## Records for processing
***

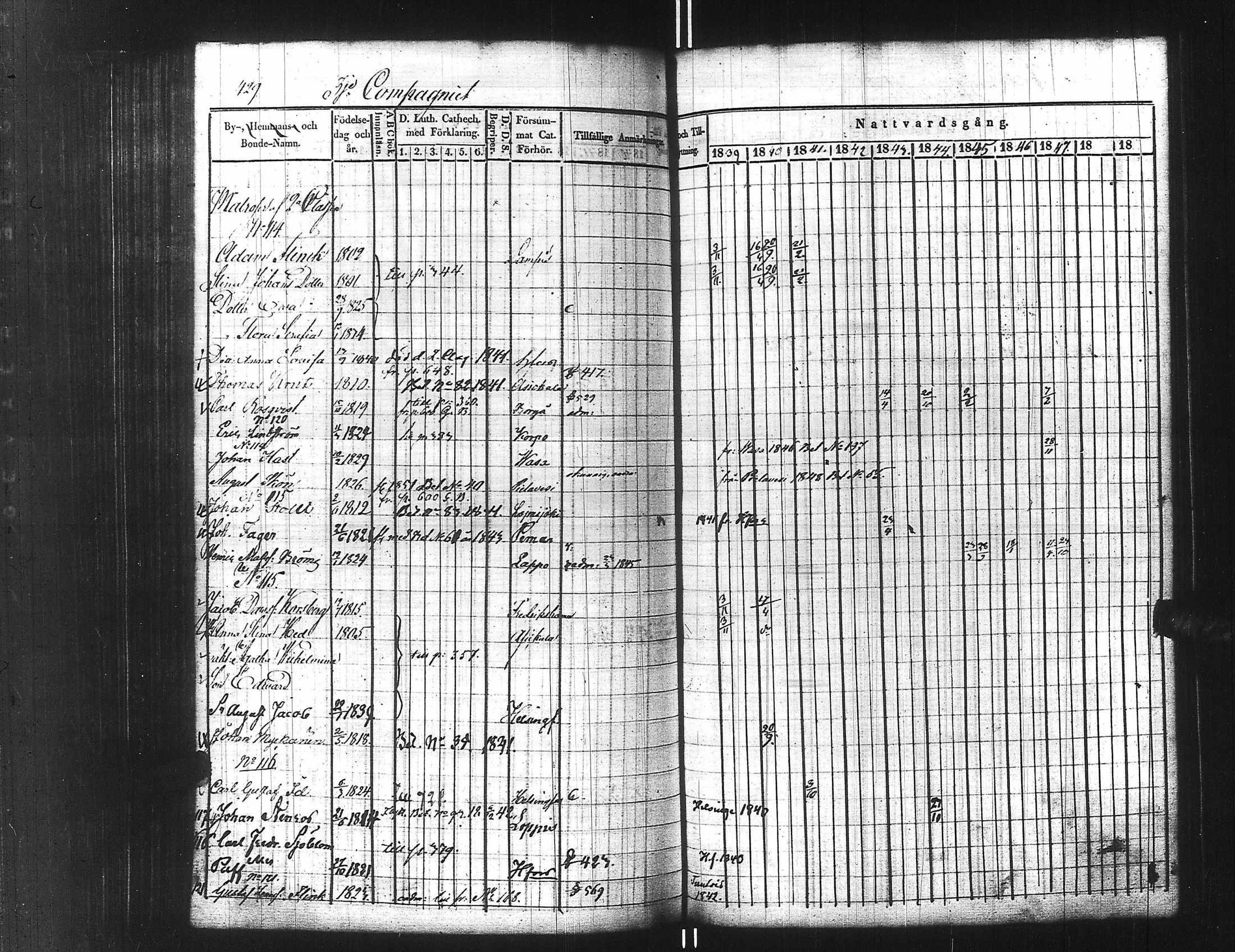 [ ../kirjat/Kirkonkirjat/ensimmainen_suomen_meriekipaasi/rippikirja_1839-1848_es170/kuvat/454.jpg ]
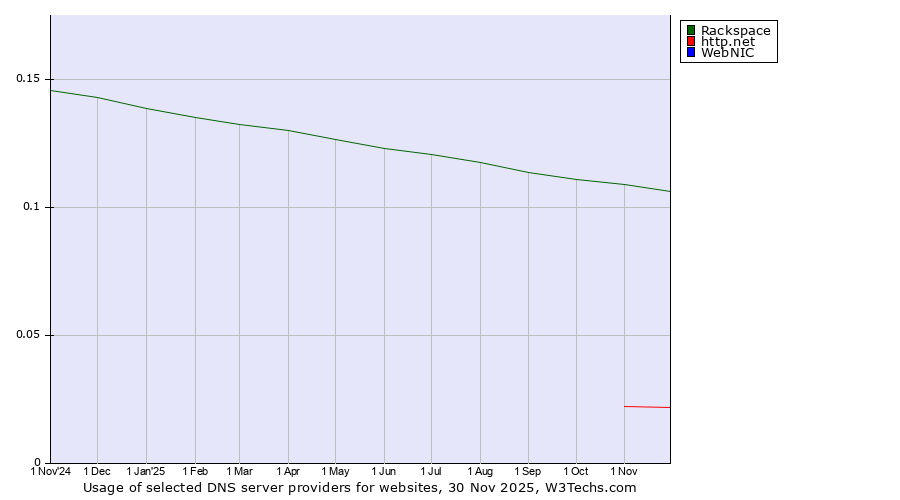 Historical trends in the usage of Rackspace vs. http.net vs. WebNIC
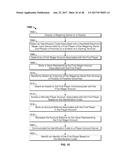 METHODS OF RECEIVING ELECTRONIC WAGERS IN A WAGERING GAME VIA A HANDHELD     ELECTRONIC WAGER INPUT DEVICE diagram and image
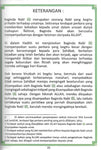 40 Hadith Pada Mu'jizat Nabi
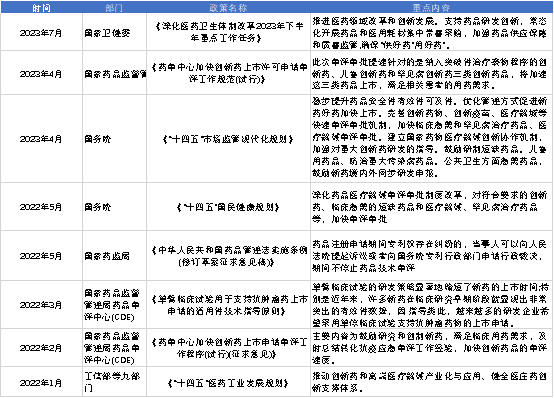 創(chuàng)新藥行業(yè)政策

***

## Problem details
Reproduce the full listing above verbatim, with no pictures included.

## Reply to the exercise
 [ ../kirjat/Kirkonkirjat/ensimmainen_suomen_meriekipaasi/rippikirja_1839-1848_es170/kuvat/454.jpg ]
 Historical trends in the usage of Rackspace vs. http.net vs. WebNIC
 METHODS OF RECEIVING ELECTRONIC WAGERS IN A WAGERING GAME VIA A HANDHELD     ELECTRONIC WAGER INPUT DEVICE diagram and image
 40 Hadith Pada Mu'jizat Nabi
 創(chuàng)新藥行業(yè)政策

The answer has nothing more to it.